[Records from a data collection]
★ ★ ★ ★ ★
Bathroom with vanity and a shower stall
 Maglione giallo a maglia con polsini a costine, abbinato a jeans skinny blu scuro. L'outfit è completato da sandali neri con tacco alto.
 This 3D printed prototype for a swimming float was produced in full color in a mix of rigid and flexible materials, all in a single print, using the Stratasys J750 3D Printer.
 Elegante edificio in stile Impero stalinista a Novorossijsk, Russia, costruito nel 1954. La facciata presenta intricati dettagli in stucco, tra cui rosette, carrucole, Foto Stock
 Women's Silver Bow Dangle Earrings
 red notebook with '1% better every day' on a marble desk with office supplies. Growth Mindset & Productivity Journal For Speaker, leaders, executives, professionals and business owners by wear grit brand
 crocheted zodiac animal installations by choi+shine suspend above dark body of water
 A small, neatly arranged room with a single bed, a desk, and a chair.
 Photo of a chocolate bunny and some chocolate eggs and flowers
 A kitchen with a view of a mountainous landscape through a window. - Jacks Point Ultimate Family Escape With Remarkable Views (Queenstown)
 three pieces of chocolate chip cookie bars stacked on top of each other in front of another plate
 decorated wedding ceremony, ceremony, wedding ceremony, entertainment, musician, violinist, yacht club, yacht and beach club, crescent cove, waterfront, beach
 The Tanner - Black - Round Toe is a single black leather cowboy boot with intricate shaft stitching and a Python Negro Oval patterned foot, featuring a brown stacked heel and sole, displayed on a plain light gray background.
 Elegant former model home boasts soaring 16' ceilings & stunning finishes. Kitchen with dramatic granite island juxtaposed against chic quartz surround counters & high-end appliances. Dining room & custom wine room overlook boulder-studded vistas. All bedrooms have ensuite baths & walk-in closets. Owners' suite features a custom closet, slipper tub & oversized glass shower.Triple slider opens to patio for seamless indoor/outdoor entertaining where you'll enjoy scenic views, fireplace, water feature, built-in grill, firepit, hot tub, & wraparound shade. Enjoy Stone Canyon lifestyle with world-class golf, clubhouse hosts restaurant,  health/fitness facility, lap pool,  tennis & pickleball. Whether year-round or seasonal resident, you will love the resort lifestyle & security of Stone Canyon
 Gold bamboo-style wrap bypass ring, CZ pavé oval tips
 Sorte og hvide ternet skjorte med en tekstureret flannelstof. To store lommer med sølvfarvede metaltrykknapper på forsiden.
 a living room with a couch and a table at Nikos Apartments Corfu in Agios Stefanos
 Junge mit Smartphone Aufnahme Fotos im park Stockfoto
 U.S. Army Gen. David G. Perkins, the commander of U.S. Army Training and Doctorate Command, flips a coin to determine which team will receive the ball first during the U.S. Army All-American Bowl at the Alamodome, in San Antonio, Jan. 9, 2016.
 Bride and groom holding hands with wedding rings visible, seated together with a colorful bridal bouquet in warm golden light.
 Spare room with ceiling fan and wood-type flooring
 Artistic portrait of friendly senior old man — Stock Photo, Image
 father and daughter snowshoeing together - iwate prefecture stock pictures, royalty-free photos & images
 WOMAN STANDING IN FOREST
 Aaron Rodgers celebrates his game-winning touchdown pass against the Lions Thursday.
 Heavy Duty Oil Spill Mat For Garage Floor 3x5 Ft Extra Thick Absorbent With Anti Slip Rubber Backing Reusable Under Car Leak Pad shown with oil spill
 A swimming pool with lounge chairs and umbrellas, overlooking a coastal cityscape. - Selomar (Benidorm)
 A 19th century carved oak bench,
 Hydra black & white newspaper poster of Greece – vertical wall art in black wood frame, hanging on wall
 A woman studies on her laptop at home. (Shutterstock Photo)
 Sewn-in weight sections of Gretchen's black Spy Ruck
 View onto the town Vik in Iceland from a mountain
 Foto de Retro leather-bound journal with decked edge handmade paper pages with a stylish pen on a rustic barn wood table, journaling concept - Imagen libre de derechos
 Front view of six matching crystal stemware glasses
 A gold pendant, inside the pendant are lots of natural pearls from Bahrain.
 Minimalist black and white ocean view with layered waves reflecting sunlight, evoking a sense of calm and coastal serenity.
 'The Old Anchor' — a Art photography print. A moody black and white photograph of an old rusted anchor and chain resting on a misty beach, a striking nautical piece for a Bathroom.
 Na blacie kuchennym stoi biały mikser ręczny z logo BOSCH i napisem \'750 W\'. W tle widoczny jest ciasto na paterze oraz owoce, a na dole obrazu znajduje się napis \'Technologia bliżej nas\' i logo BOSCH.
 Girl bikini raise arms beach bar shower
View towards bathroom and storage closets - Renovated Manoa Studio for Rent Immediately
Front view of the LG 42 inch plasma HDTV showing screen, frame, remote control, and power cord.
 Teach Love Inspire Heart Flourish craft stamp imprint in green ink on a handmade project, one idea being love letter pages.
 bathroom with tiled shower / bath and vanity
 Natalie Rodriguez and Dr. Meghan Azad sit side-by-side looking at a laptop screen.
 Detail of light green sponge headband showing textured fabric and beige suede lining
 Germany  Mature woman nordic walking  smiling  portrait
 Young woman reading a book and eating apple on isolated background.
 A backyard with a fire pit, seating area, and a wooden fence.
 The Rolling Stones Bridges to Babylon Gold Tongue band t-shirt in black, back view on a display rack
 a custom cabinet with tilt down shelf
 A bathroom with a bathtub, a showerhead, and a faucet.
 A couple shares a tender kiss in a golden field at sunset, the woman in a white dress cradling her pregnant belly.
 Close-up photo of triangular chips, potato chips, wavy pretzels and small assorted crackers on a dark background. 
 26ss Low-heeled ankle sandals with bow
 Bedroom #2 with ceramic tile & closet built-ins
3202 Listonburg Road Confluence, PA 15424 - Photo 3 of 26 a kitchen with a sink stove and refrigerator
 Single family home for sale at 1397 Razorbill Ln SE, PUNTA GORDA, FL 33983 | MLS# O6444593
★ ★ ★ ★ ★
TRY IT: Could you print the lines above, exactly as written, from the line containing "A couple shares" through the final one?

ANSWER TO THE PROBLEM:
 A couple shares a tender kiss in a golden field at sunset, the woman in a white dress cradling her pregnant belly.
 Close-up photo of triangular chips, potato chips, wavy pretzels and small assorted crackers on a dark background. 
 26ss Low-heeled ankle sandals with bow
 Bedroom #2 with ceramic tile & closet built-ins
3202 Listonburg Road Confluence, PA 15424 - Photo 3 of 26 a kitchen with a sink stove and refrigerator
 Single family home for sale at 1397 Razorbill Ln SE, PUNTA GORDA, FL 33983 | MLS# O6444593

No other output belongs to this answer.